Hyperconverged Infrastructure, usually called HCI, is an infrastructure design where compute, storage, networking, and virtualization are combined into the same server cluster.
In a traditional virtualization environment, you may have:
ESXi Hosts ---> FC/iSCSI Network ---> SAN Storage
The ESXi hosts run the virtual machines, but the VM disks are stored on a separate SAN.
In a hyperconverged environment, the servers themselves contain the disks, and the HCI software combines the disks from all servers into one distributed storage pool.
Example:
Node 1: CPU + RAM + Disks
Node 2: CPU + RAM + Disks
Node 3: CPU + RAM + Disks
All disks are combined into one shared storage pool
So instead of using an external SAN, the cluster uses the local disks inside the hosts.

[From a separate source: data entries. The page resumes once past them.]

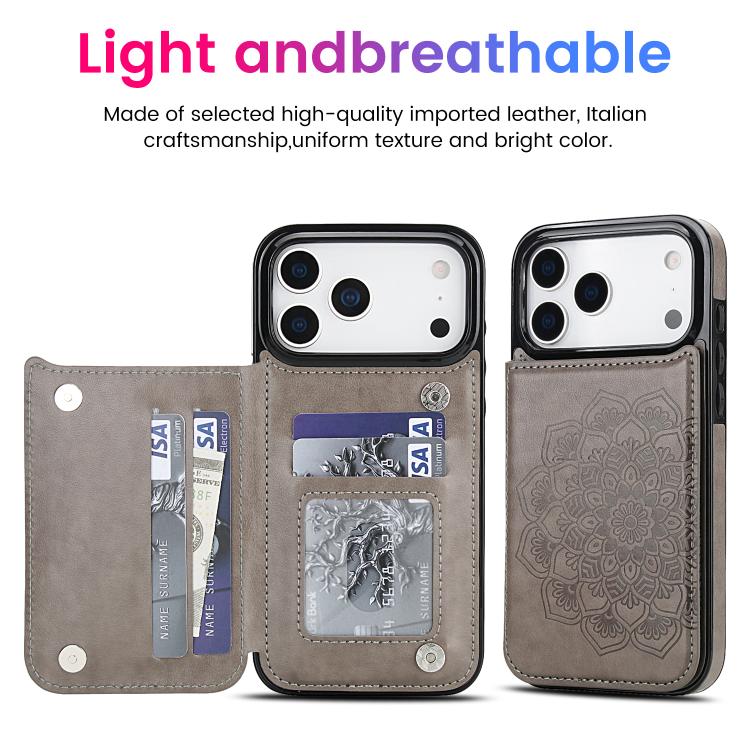 Double Buckle Mandala Leather Wallet Back Cover Phone Case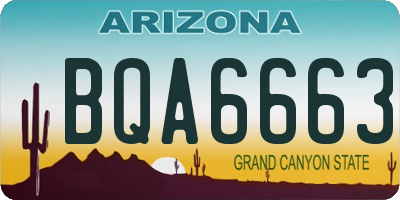 AZ license plate BQA6663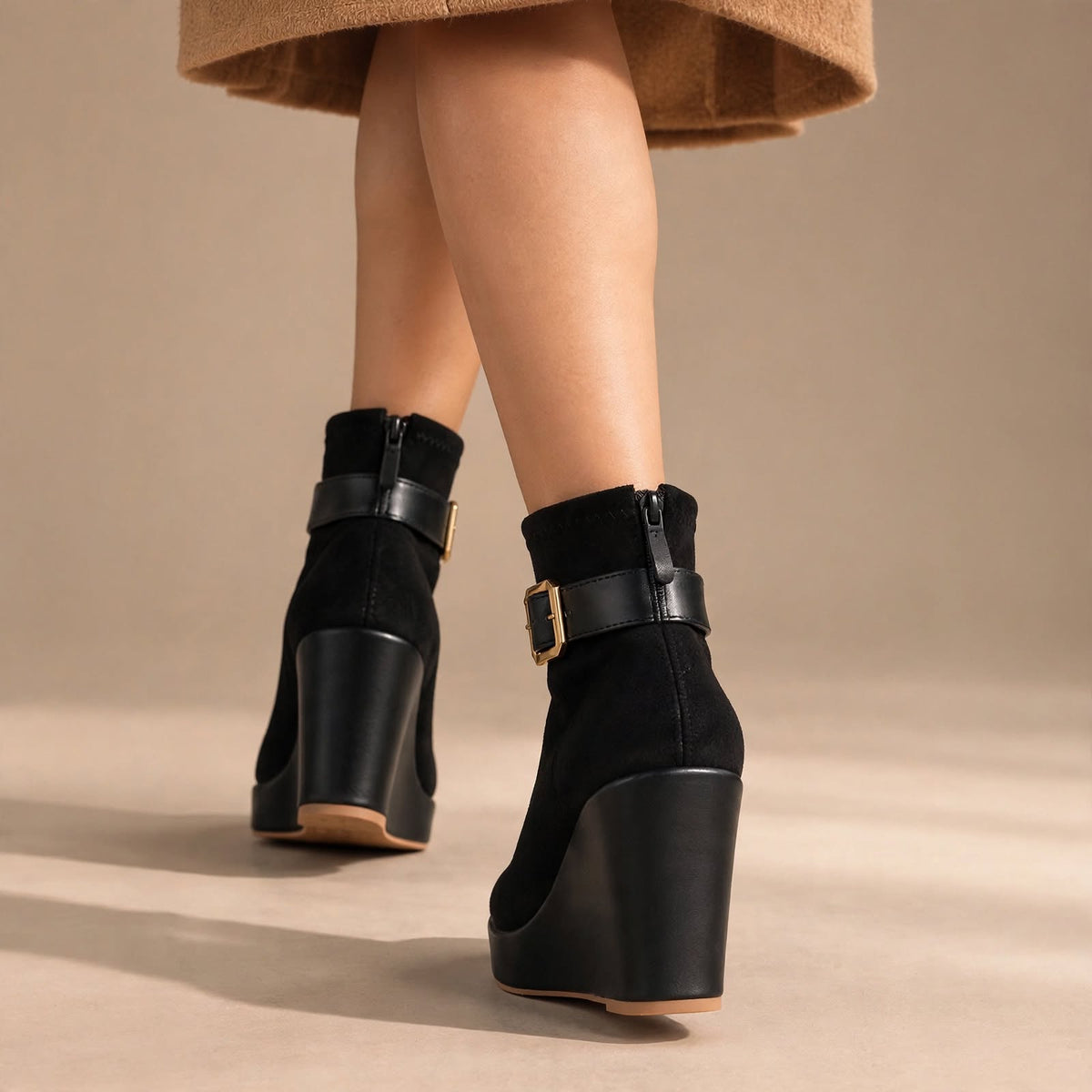The Lucerne Buckle Wedge Bootie – Taupe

Does HCI Use More Disk Space?
Yes, usually it does.
In HCI, VM data is commonly copied or distributed across multiple nodes to protect against failure.
For example, if you create a VM with a 100 GB disk:
100 GB VM disk
With two-way mirroring, it may consume approximately:
100 GB primary copy
+ 100 GB second copy
= 200 GB physical storage
This extra space is used for resiliency.
If one node fails, the VM data still exists on another node.
Common protection methods include:
| Protection Method | Approximate Physical Usage |
|---|---|
| 2-way mirror | 100 GB VM ≈ 200 GB physical |
| 3-way mirror | 100 GB VM ≈ 300 GB physical |
| Erasure coding/parity | More space-efficient, but more complex |
So when sizing HCI storage, never calculate only raw capacity.
For example, this is not enough:
3 nodes × 10 TB = 30 TB usable
Instead, calculate:
Raw capacity
- protection overhead
- reserved free space
- snapshots
- metadata
= safe usable capacity
Nutanix with ESXi and vCenter: Why Use Both?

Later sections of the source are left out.